Most historical sub-disciplines are pursued within structured periodizations inherited from, or imposed by, practitioners of political and constitutional history. Our basic temporal units hence often assume the form of apparently neutral time 'blocks', such as parts, wholes, or amalgams of centuries. They are also identified with the time between noted political events, such as the beginning and ending of a monarch's reign or of a prime minister's time in office.

At a higher level of aggregation, the conventional division between medieval, early modern and modern periods is often drawn more from habit than by premeditation. Teaching programmes and job advertisements continue, largely, to be couched in such terms, even though we all know that specialists find this categorization largely inadequate. For economic and social historians working within a social-scientific framework, it has been tempting to rely on quantifiable data to delimit chronologies. The proportion of the work-force in secondary employment, for instance, has been taken as the key criterion for differentiating between pre-industrial, industrial and post-industrial societies or economies.1

This essay focuses on how demographic historians have coped with, amended, adapted and sometimes even jettisoned such categorical conventions in their attempts to periodize the demographic regimes and family systems of the past. It concentrates on the sixteenth to late eighteenth centuries, for these years have been central to both English and French historical demography, and argues that the prominence given to these centuries is rooted in classical political economy, especially as formulated by Malthus. In both England and France, this heritage has had an unacknowledged impact on our analysis of historical demography.

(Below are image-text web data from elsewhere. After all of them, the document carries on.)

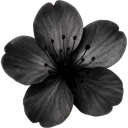 Emoji Fleur_noire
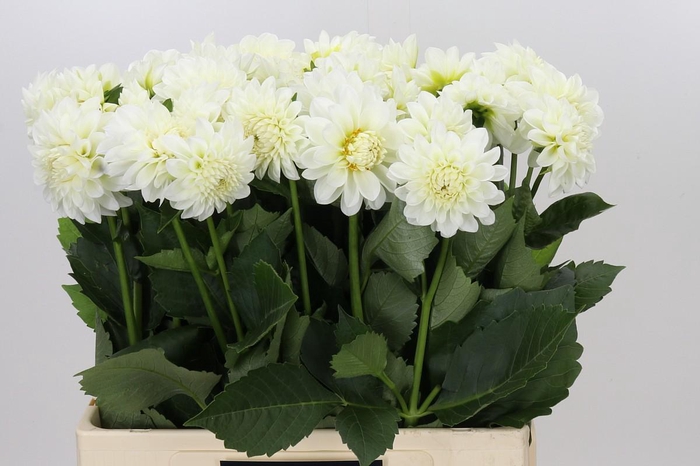 <h4>Dahlia Boom Boom White</h4>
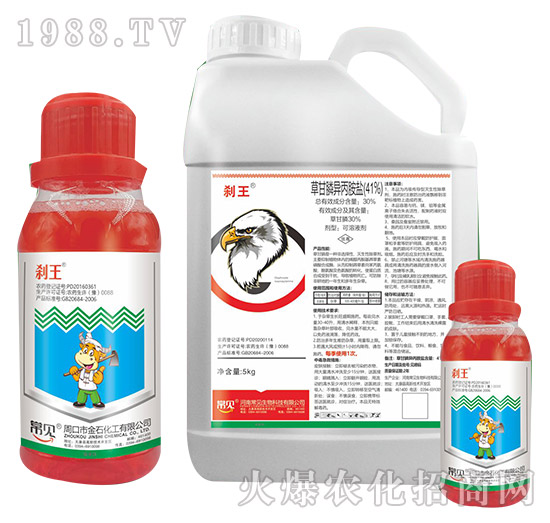 41%�ݸ�좮������}-�x��-��Ҋ����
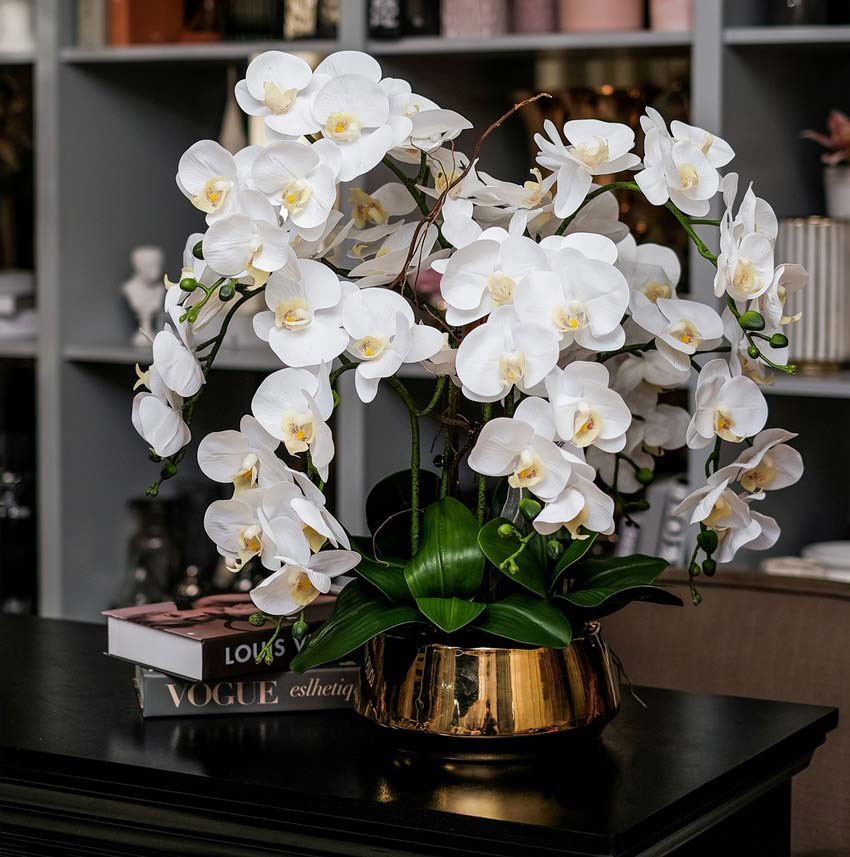 Quà tân gia hoa tươi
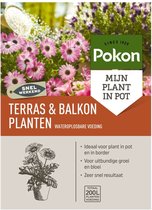 Pokon Terras & Balkon Planten Wateroplosbare Voeding 500gr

When we confront the problem created by periodizations, we see that historians have given a privileged position to the analysis of change in past societies. Furthermore, the primacy of politics in the modern study of history has produced the assumption that there is a single pace of change in collective activities – the political pace of change. (For example, we speak of 'Jacobean' and of 'Restoration' England as if they are self-evidently different in all respects.) The traditions of historical inquiry being so closely bound up with political events and change, and political time being so similar in pace to personal time, it is hardly surprising that historians should often make the error of attributing a political time scale to other categories and to other activities. The most serious of these misapprehensions has been [End Page 202] to attribute the time-scale of political change to social structural change. The fastest pace of change has been assigned to a category which might be assumed, a priori, to be the slowest. Social structure has been treated as if it could shift as quickly as political opinion or literary taste. Yet when political change and social-structural change are explicitly compared, the pace of events proves relatively easy to conceptualize in the former, but not in the latter. This is because there is no such thing as a social structural event.2

The stress in this paper will be on some of the unbridgeable differences between political and demographic historians in their respective approaches to time and period. The first part of the paper attempts to explain this dichotomy by evaluating the notion of stasis that has derived from emphasizing the constraints imposed by (what some have termed) the 'organic economy'. This section of the paper links its account of an organic economy in pre-industrial societies to the interrelated notion of the 'demographic regime' as a structural continuity. Both, we have been told, meant that patterns of behaviour were fundamentally unchanging over long sweeps of time and space.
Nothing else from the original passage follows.